Verizon Wireless paying $25 million to settle data fee probe
Verizon Wireless (NYSE:VZ) will pay $25 million to the U.S. Treasury to settle a Federal Communications Commission investigation into so-called "mystery fees" the operator charged subscribers over the last several years. According to the FCC, the payment--the largest in the agency's history--wraps up a 10-month investigation; in addition to the Treasury payment, Verizon Wireless will refund a minimum of $52.8 million to approximately 15 million subscribers and take action to ensure the mystery fees are no longer billed.
The FCC states the investigation focused on pay-as-you-go data fees, with Verizon Wireless charging $1.99 per megabyte to customers who do not subscribe to a data package or plan.
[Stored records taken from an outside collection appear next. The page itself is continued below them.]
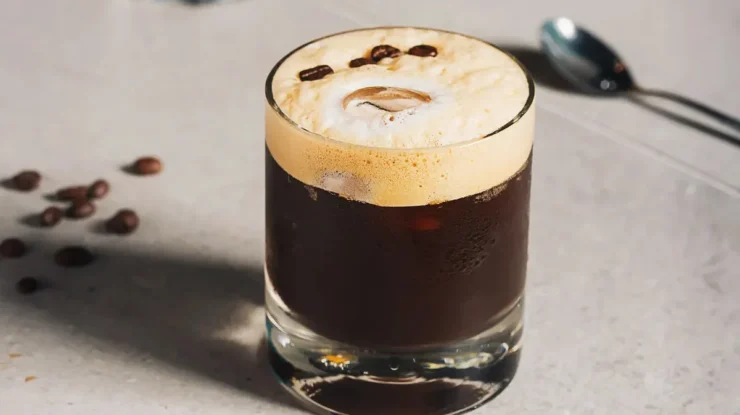 Close-up de um copo de carajillo, um coquetel espanhol cremoso de café e licor, com espuma clara, grãos de café decorativos e gelo visível, sobre uma superfície clara com grãos de café espalhados e uma colher ao lado.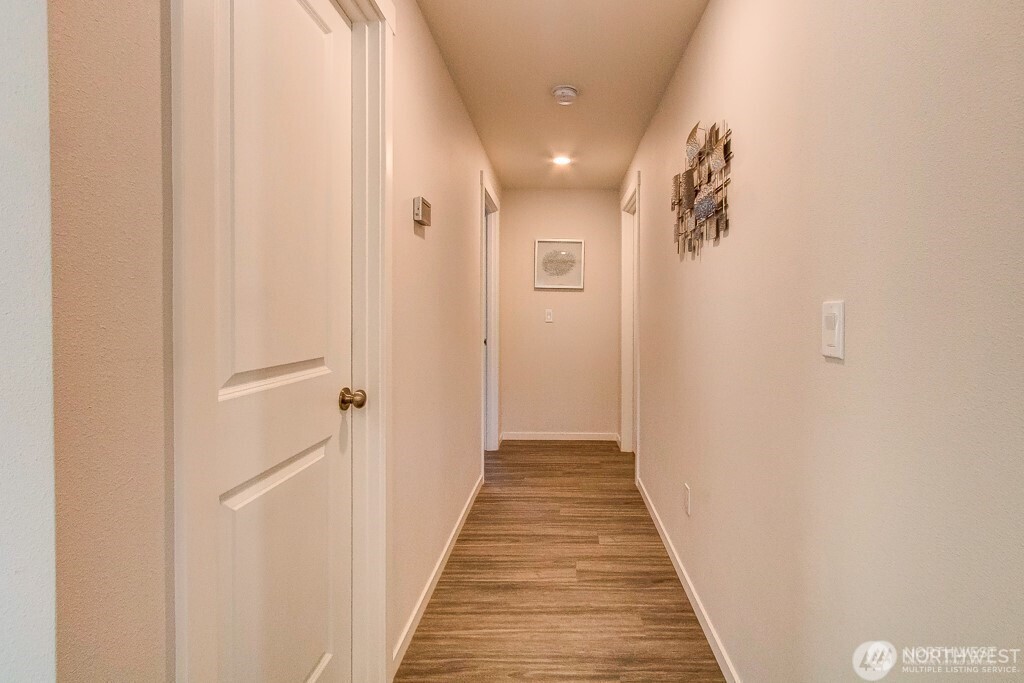 27 Jonagold Lane Manson, WA 98831 - Photo 16 of 32 a view of a hallway with wooden floor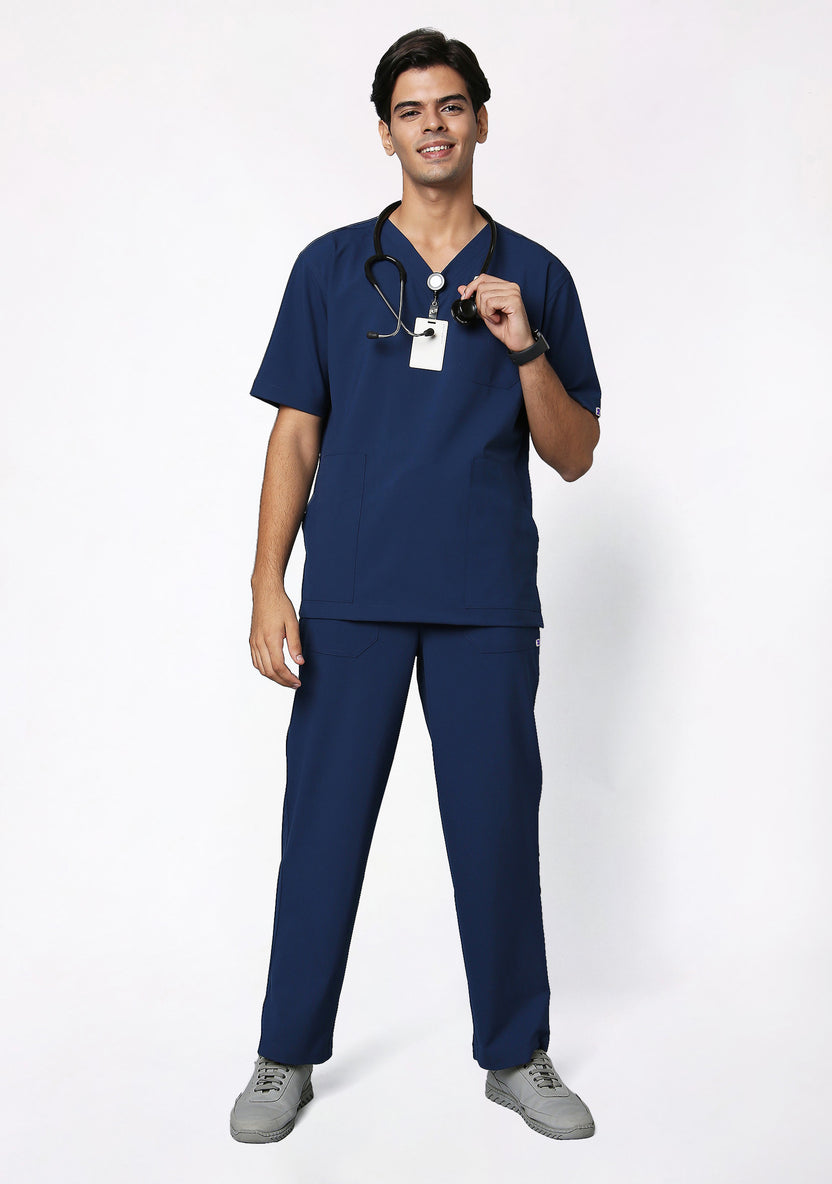 Doctor in Knya Ecoflex scrubs with a stethoscope and ID badge.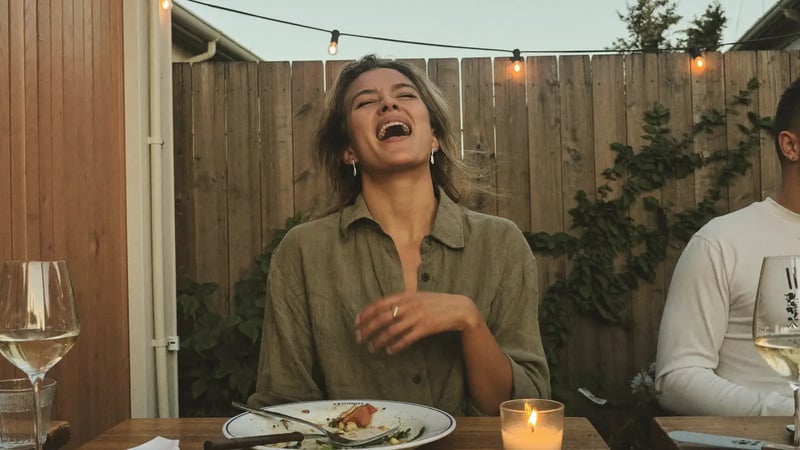 woman laughing with her head tilted back at a backyard dinner with friends as a candid dating photo example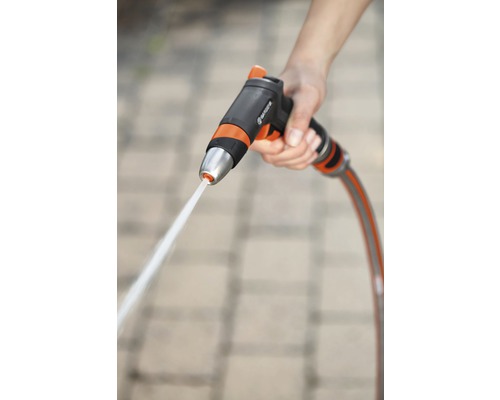 Čisticí postřikovač Gardena s vodním paprskem v ruce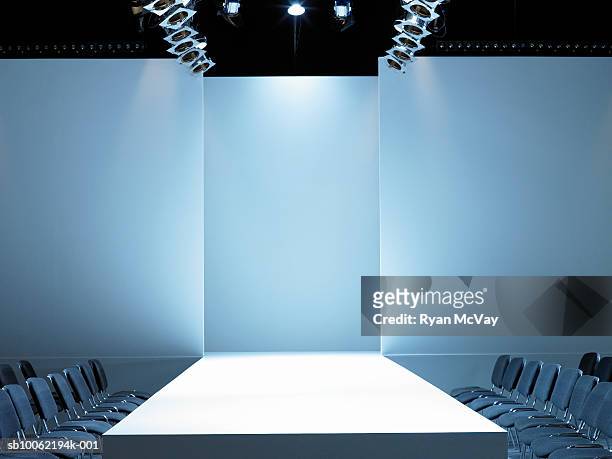 empty catwalk and seating for fashion show - fashion show stockfoto's en -beelden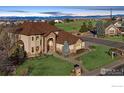 Stunning two-story home showcasing a manicured lawn, stone details, and views of the Rockies at 1949 Wasach Dr, Longmont, CO 80504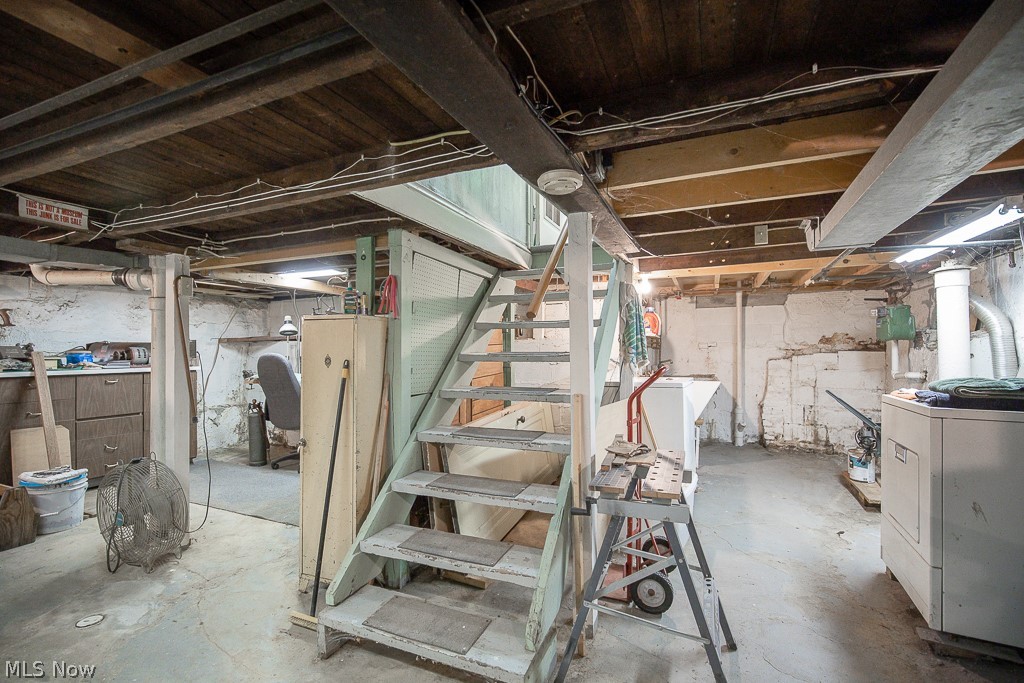 4541 Emerson Road Cleveland, OH 44121 - Photo 7 of 12 Basement with washer / dryer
The probe determined that roughly 15 million customers were or may have been overcharged for data usage between Nov. 2007 and the present. Verizon Wireless cites multiple causes for the charges, including unauthorized data transfers initiated automatically by applications, accessing certain websites designated as free (like Verizon's own mobile web homepage), failed data transfers outside of sufficient network coverage and unwanted data transfers initiated by third parties and impacting customers with content filters installed on their handsets.
Verizon Wireless said it has already begun issuing repayments--current customers will be notified in upcoming bills, and former subscribers will receive a letter and refund check in the mail. Most credits and refunds fall between $2 and $6, although some consumers will receive larger amounts. Verizon Wireless adds that roughly five out of every six subscribers are unaffected by the charges: "We have taken steps to ensure this does not happen in the future," the operator adds in a statement.